TSRexploreR facilitates processing and exploration of data generated by global transcription start site (TSS) mapping technologies such as CAGE and STRIPE-seq. TSSs can be extracted and aggregated from mapped reads in BAM/SAM format or pre-aggregated TSSs in GRanges, bigWig, bedGraph, or CTSS format can be imported. TSSs can then be normalized and clustered into transcription start regions (TSRs), or TSRs detected with other software such as CAGEr can be imported.

A strength of TSRexploreR is the flexibility and ease with which data can be visualized. Numerous plots can be generated for TSSs and TSRs such as density plots, heatmaps, sequence logos, gene tracks, correlation heatmaps, and many more. For most plots, we also provide the ability to filter, order, quantile, and group TSSs or TSRs by various metrics such as inter-quantile range, shape index, and score. TSRexploreR also facilitates detection of differential TSR usage with DESeq2 and edgeR.

We also introduce a new approach to discovering shifts in TSS distributions within merged TSRs from distinct samples. TSRexploreR calculates a signed version of earth mover’s distance, which we term earth mover’s score (EMS), which indicates both the magnitude and direction of a shift. EMS calculation is statistically controlled by a permutation test, which generates a p-value and FDR threshold.

Installing TSRexploreR

TSRexploreR can be installed wholly from Github (with or without a conda environment) or run from within a Singularity container.

Github and conda

Conda can be optionally used before the above Github installation step to download most of the package dependencies. This also has the benefit of creating an R environment separate from your main software environment, which helps avoid dependency version conflicts and makes removing associated sofware easy if desired. Installation instructions for miniconda3 can be found here.

First, create the conda environment.

conda create -n TSRexploreR -y -c conda-forge -c bioconda \
qpdf r-base>=4.0.0 r-tidyverse r-data.table r-devtools r-ggseqlogo r-cowplot r-rcpp \
r-assertthat r-testthat r-cairo r-ggrastr r-pkgdown \
bioconductor-apeglm bioconductor-genomicranges bioconductor-genomicfeatures \
bioconductor-genomicalignments bioconductor-biostrings bioconductor-rsamtools \
bioconductor-chipseeker bioconductor-edger bioconductor-deseq2 bioconductor-clusterProfiler \
bioconductor-complexheatmap bioconductor-cager bioconductor-tsrchitect bioconductor-gviz \
bioconductor-rtracklayer bioconductor-biocgenerics bioconductor-plyranges \
bioconductor-pcatools bioconductor-genomeinfodb bioconductor-bsgenome bioconductor-bioccheck \
bioconductor-bsgenome.scerevisiae.ucsc.saccer3 bioconductor-txdb.scerevisiae.ucsc.saccer3.sgdgene

After the environment has been created, it must be activated prior to use.

conda activate TSRexploreR

TSRexploreR can now be installed into this environment, where it will be available upon activation of the environment.

Sys.setenv("R_REMOTES_NO_ERRORS_FROM_WARNINGS"="true")
devtools::install_github("zentnerlab/TSRexploreR")

Singularity

The TSRexploreR Singularity container is akin to a box that contains TSRexploreR and all required dependencies. The advantage of containerized software is that it requires no installation (beyond the main container software), is self-contained, and provides stable and reproducible results over time. Singularity installation instructions can be found here.

After Singularity is installed, the container can be pulled and run in a few commands.
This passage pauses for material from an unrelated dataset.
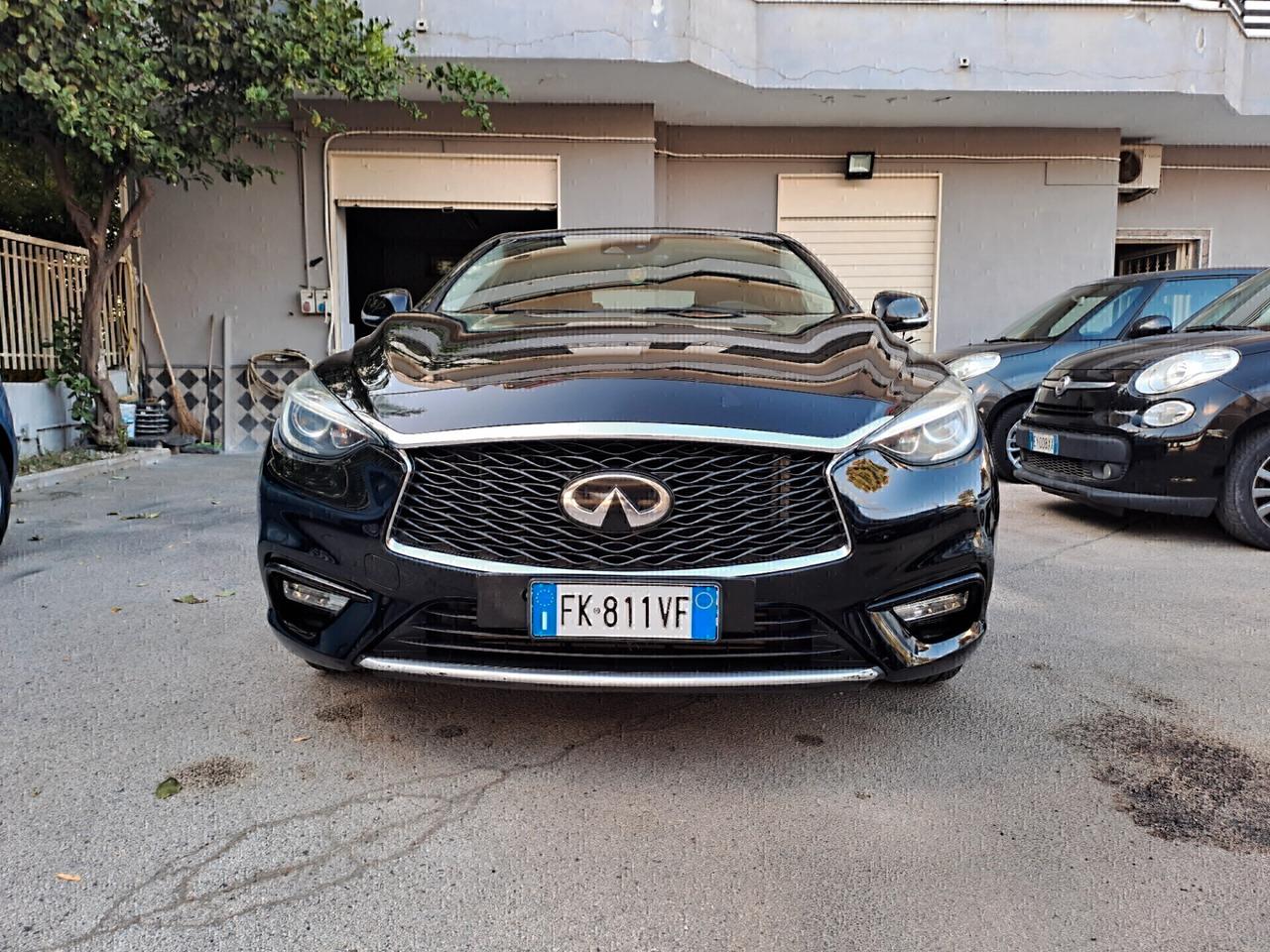 Infiniti Q30 1.5 diesel Premium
First, create a working directory with all required files and run the following commands.

Download the singularity container.

singularity pull --arch amd64 library://zentlab/default/tsrexplorer:main

You can then run R from within the container housing TSRexploreR.

singularity exec -eCB `pwd` -H `pwd` tsrexplorer_main.sif R

Using TSRexploreR

We provide several vignettes to showcase the various functionalities of TSRexplorer:

  • Standard Analysis - Common workflow steps for TSS and TSR analysis and visualization.
  • BAM Processing - Importing and processing aligned reads from BAM/SAM format.
  • Differential TSSs/TSRs - Using DESeq2 or edgeR to find differential TSSs or TSRs between conditions.
  • TSS Shifting - Detecting shifts in TSS distributions within TSRs between conditions using the earth mover’s score (EMS).
  • Data Conditionals - Flexible filtering, quantiling, ordering, and grouping TSSs or TSRs during plotting.